Let me make the disclaimer that I really don't expect any of you to read this 'cause it's just gonna be my random thoughts. This is my journal afterall =) So I'm toying with the idea of grad school. I'm coming to realize that I'm almost out of school, which means I either need to a) get a real career(yipers) b) get married so my husband can find a real career (won't happen for a while...) or c) keep going to school. Anyone have another idea? Those were my conclusions. A friend of mine once asked, "What do you do when you're scared and confused and don't know what to do after you graduate? You go to grad school!" (I'm hoping that isn't the only reason people go to grad school...) And grad school really is an option... I'm not too far in debt, I have good grades, and my family would definitely support me. But grad school is alot of work! I'm watching Mom go through grad school and it's terrifying! Andy would know better than I... but, k, here's the thing. I don't know what I'd go to grad school for!

My theory professor has decided that I should become a theoretician and that Dr. Nitkowski has a nice ring to it. Yea, I think so too =) But I can't do music theory for the rest of my life. Gag me, why don't ya?? Piano Performance is out. You have to have a BM in Piano Performance first, which I won't. There isn't a general music graduate degree. So then I started thinking, what about Fine Arts? Computer Science? Math? Business? Graphic Design? I really like those subjects! But, I don't know that I could truly enjoy going to school for anything other than my first love... music. So my next idea... what about Music and Theology? They have music degrees at Bible schools. However, it would make sense that you graduate from Bible school before you go to Seminary, which I haven't. So the next idea. Go back for another undergrad degree? But then I must ask myself, why am I going back to school in the first place? For more personal growth? Because, frankly, as a musician, I came to school in the first place because of my own interests. Not to find a career. So, if I am going to go through the whole thing again, I might as well go for a field that would make some cash! But I don't really want to do that! I go to school because I enjoy it; I enjoy the learning, I enjoy the challenge, I enjoy the people. But I also need to make some money so that I can survive in this life and make it possible to do what I love...

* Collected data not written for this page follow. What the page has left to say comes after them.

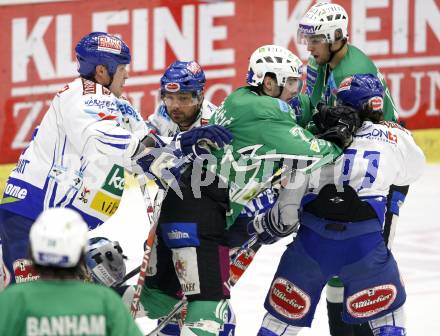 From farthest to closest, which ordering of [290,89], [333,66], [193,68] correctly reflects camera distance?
[333,66], [193,68], [290,89]

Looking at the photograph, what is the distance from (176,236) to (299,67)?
96cm

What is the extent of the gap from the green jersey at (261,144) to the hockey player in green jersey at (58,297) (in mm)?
1780

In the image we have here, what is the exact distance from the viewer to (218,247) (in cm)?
565

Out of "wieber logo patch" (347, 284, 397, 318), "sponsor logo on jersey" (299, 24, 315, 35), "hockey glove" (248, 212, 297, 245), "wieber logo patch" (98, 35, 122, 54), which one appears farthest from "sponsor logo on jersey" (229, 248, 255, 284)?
"sponsor logo on jersey" (299, 24, 315, 35)

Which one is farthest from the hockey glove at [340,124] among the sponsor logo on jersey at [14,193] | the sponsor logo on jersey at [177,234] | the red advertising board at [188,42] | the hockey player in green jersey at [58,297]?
the red advertising board at [188,42]

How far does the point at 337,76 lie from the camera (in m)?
6.73

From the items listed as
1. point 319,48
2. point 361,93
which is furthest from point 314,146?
point 319,48

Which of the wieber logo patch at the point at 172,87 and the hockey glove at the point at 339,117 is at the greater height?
the wieber logo patch at the point at 172,87

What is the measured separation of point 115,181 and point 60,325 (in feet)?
6.70

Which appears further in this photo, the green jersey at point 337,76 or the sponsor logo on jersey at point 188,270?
the green jersey at point 337,76

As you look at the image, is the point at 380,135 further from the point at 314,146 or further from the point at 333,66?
the point at 333,66

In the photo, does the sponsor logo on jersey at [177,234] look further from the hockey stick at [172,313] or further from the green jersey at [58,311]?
the green jersey at [58,311]

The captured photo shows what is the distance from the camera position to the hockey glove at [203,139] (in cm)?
552

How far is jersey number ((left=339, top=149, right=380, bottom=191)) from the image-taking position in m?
5.62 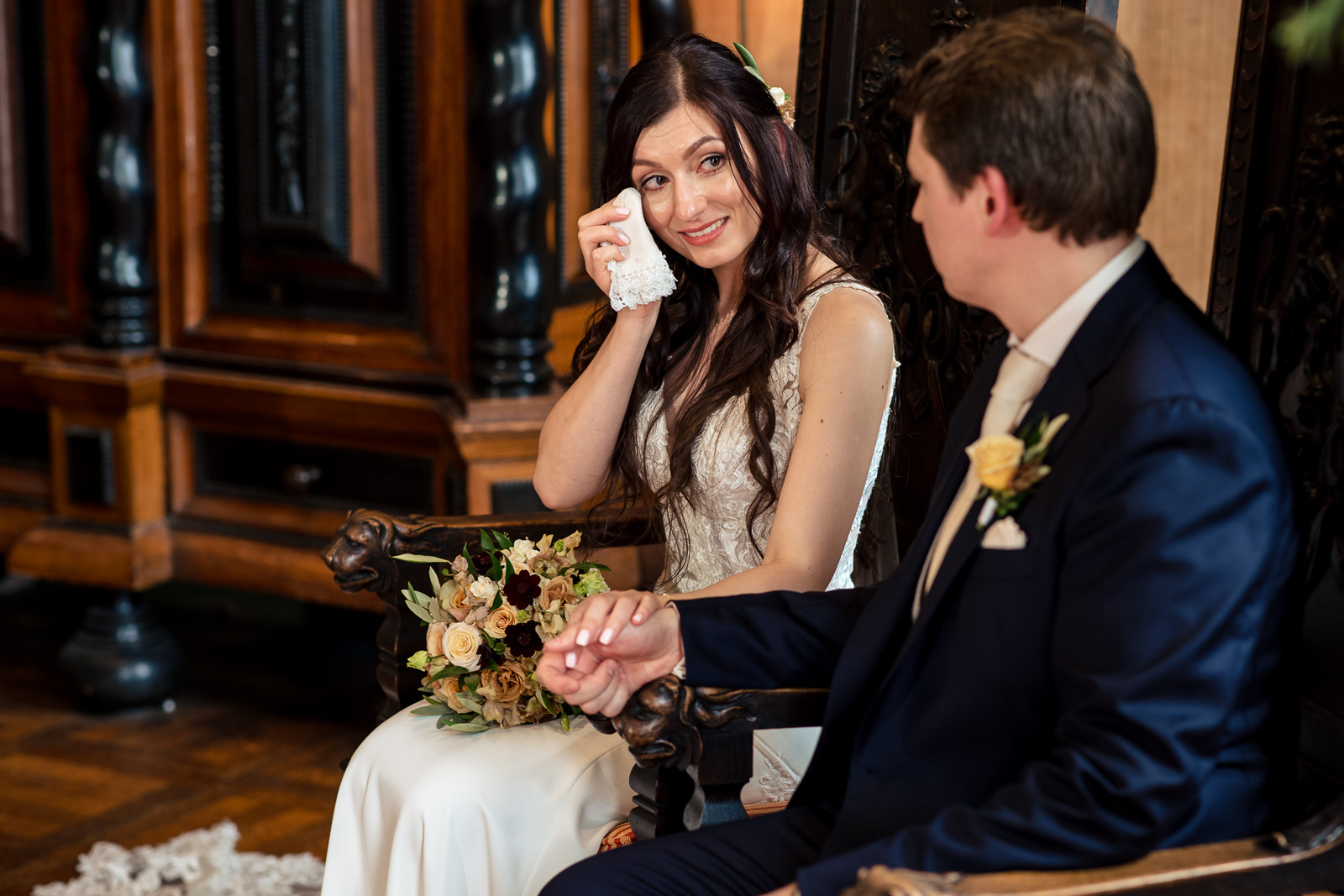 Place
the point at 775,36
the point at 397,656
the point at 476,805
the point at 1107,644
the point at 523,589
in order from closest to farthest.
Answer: the point at 1107,644
the point at 476,805
the point at 523,589
the point at 397,656
the point at 775,36

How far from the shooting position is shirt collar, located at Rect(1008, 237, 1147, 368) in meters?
1.41

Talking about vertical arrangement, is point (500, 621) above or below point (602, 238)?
below

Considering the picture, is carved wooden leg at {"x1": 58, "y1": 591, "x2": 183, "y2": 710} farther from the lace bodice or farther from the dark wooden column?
the lace bodice

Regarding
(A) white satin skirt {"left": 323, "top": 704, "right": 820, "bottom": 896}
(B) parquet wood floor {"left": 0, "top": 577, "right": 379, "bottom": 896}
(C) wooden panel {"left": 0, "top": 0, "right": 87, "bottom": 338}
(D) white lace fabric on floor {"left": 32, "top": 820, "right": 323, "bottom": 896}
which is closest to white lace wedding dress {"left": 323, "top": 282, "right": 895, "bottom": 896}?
(A) white satin skirt {"left": 323, "top": 704, "right": 820, "bottom": 896}

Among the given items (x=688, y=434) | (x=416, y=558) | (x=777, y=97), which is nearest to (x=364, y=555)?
(x=416, y=558)

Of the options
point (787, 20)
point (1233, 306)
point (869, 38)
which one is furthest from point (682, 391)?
point (787, 20)

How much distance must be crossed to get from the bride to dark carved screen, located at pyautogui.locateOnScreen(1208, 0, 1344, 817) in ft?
1.87

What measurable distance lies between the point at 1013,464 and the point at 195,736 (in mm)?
3132

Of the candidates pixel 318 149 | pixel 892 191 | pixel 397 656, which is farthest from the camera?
pixel 318 149

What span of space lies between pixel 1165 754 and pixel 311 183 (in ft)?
10.3

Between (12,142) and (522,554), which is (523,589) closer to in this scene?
(522,554)

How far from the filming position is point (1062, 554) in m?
1.35

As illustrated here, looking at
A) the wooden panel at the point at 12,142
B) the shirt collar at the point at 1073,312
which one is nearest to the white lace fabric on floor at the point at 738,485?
the shirt collar at the point at 1073,312

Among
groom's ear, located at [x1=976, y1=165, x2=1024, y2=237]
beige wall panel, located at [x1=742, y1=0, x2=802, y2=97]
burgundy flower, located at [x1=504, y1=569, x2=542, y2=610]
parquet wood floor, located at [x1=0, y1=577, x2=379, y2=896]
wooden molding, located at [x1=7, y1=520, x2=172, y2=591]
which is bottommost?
parquet wood floor, located at [x1=0, y1=577, x2=379, y2=896] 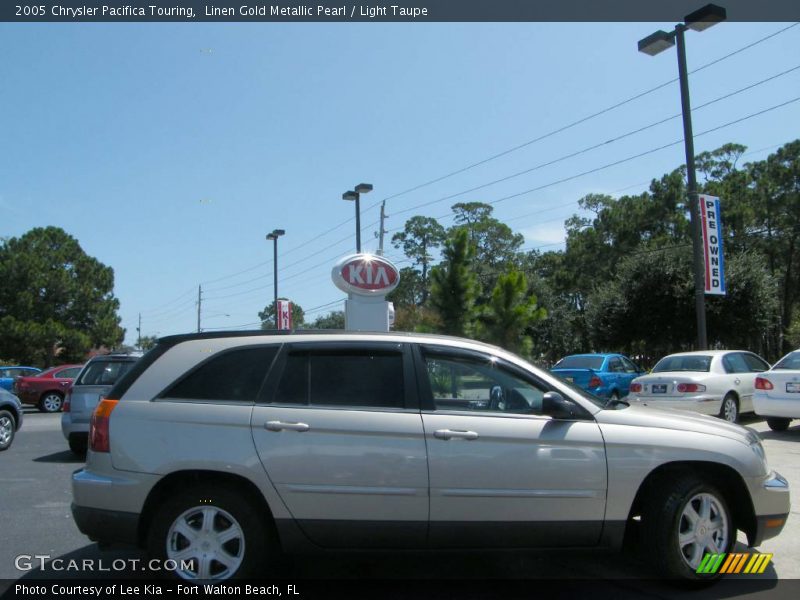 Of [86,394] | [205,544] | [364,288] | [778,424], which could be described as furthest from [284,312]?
[205,544]

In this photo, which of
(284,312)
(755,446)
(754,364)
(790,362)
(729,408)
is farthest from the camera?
(284,312)

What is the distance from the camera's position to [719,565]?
14.8ft

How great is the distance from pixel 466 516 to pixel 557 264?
5802 centimetres

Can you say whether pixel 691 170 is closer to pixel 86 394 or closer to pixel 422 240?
A: pixel 86 394

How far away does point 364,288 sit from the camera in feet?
50.3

I think I just had an epiphany. I think I'm nervous that I won't get hired to do that which I love (music, specifically leading worship), and therefore believe I must return to school to earn a more sought-after degree, thereby making it more probable to be hired. But is everything about the paper in the nice fancy frame? Can I just love God and love my family and my friends and just be simple ol' me? I think I can. I think I may. If I would let myself. If I would relinquish the control and just let God do His thing, I wouldn't need to worry about this at all. But why say 'if only'? Why not just do it? I think I will. Thanks, God, I needed this time =) I feel much better. Peace out.